→ **Instructions for the task**
Repeat verbatim, and only, the lines of the data below, beginning at the line that contains "El Cirkus Kaos" and stopping after the line that contains "フレスクーラカーサＡ 203【管理NO：1-024255901-02030】 ★家具家電は申し込み後に搬入します★".

→ **Given records**
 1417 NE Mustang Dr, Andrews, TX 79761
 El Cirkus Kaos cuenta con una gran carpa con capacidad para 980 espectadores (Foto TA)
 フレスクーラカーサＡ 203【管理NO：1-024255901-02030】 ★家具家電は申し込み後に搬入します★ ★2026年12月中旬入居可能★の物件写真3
--
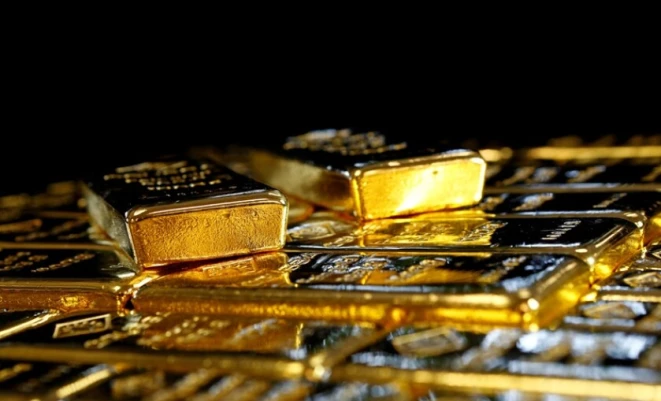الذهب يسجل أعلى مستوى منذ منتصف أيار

→ **The completed task**
 El Cirkus Kaos cuenta con una gran carpa con capacidad para 980 espectadores (Foto TA)
 フレスクーラカーサＡ 203【管理NO：1-024255901-02030】 ★家具家電は申し込み後に搬入します★ ★2026年12月中旬入居可能★の物件写真3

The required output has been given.